The commentator smiled, which the poet, could he have been present, would not have done.

"But," said Miss Bellarmine, who never left a subject unsifted, "you have not explained the relationship."

"Wrath adopted Sophia when she was only four days old: her father committed suicide, and her mother died when she was born. I blush for human nature when I hear a man so maligned for a kind action. He must have been very poor at the time, for he had only just sold his 'Antigone.'"

"I know all that," said Eliza; "and it was very noble on his part, and all the rest of it. But Sophia is no longer four days old!"

"If they cared for each other, is there any earthly reason why they should not marry?"

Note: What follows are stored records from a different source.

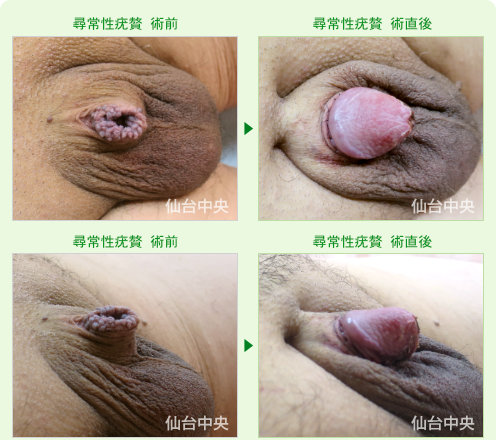 尋常性疣贅 症例写真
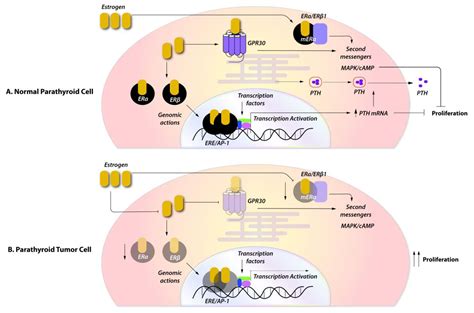 Ijms Free Full Text Gender Predilection In Sporadic Parathyroid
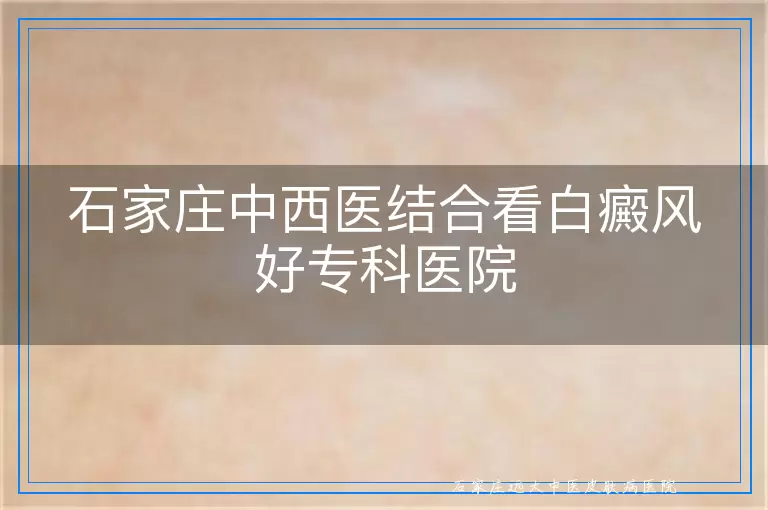 石家庄中西医结合看白癜风好专科医院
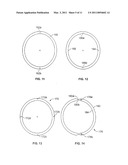 ACCOMMODATING INTRAOCULAR LENS WITH OUTER SUPPORT STRUCTURE diagram and image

"Certainly. He may have a lunatic wife locked away somewhere, or, in his extreme youth, he may have married some low person who is too respectable to divorce: nothing is more likely. I am very sorry for Sophia Jenyns, and more sorry for him; but I think they should either be frank, or separate. If they think they are wrong, they should bid each other good-bye, but if they feel they are right, they should have the courage of their opinion. I could respect them then, although I might disagree with their conscience. As it is—well, they evidently know they are doing wrong, since they dare not be candid. And they must be wretched! He is far too honest a man not to be miserable in a false position."

"I have listened, dear," said Lady Hyde-Bassett, "because your sentiments are so excellent. But—first swear you will never tell!"

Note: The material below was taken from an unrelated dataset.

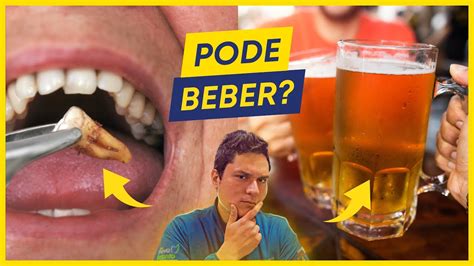 Quem Arranca Dente Pode Beber Cerveja - PODE BEBER CERVEJA APÓS EXTRAIR DENTE? - YouTube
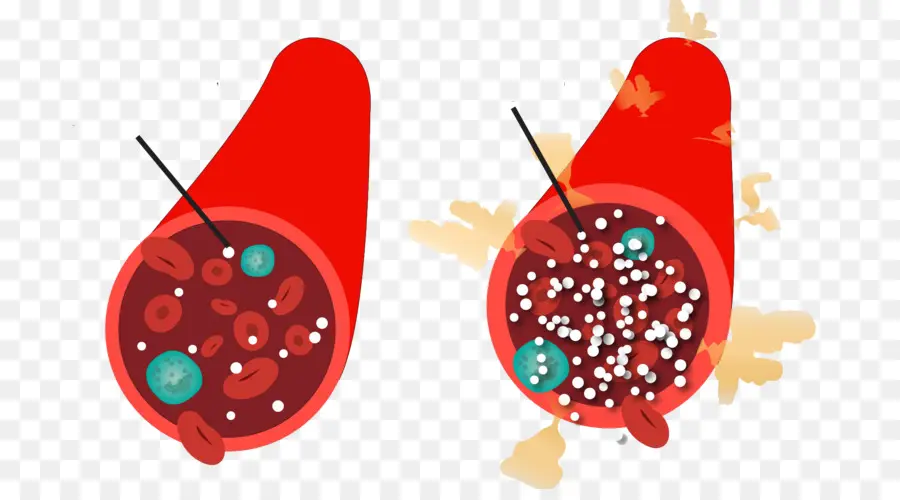 Gula Darah，Hiperglikemia PNG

"I cannot give my word blindly."

"Then I will not tell you."

"Have I ever betrayed your confidence?"

"Never," said her ladyship; "but—this is a most profound secret."

"In that case perhaps you ought not to repeat it."

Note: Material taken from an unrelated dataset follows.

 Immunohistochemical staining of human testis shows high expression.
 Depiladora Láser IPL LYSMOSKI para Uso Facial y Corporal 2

"You are so aggravating, Eliza! Shall I tell you?"

"That is a matter for your own judgment."

"Never breathe it to a soul! Wrath and Sophia have been married for two years."

"You astonish me," said Eliza, at last, but without moving a muscle—"you astonish me greatly. . . .But I am inexpressibly relieved to hear it. . . .Any children?"

"No," said Lady Hyde-Bassett; "so it could not have been on that account. . . .But now," she went on, "we must talk of something else: it would be very awkward if either of them came suddenly in. Have I told you about De Boys Mauden? He has just won my scholarship: a most brilliant young fellow; they say he will be another Porson. But he has been overworking, and the doctor has insisted on his taking a rest. So I have made him come here. I sent the brougham for him, but he told Biffin he preferred to walk. He cannot know the way, and, manlike, would probably rather perish than ask any one to direct him!"

"I shall be most interested to make his acquaintance—most interested. I know his name quite well." She did not as a matter of fact, but as a matter of principle a commentator and an occasional contributor to the learned reviews, could not be ignorant of the existence of a future Porson.

"He is very handsome," said her ladyship; adding, after a pause, "when he has got his degree I shall let him revise and augment all Benjamin's unpublished manuscripts. I began them myself, but my Greek is too Homeric!"

"Mr. Mauden," announced the footman.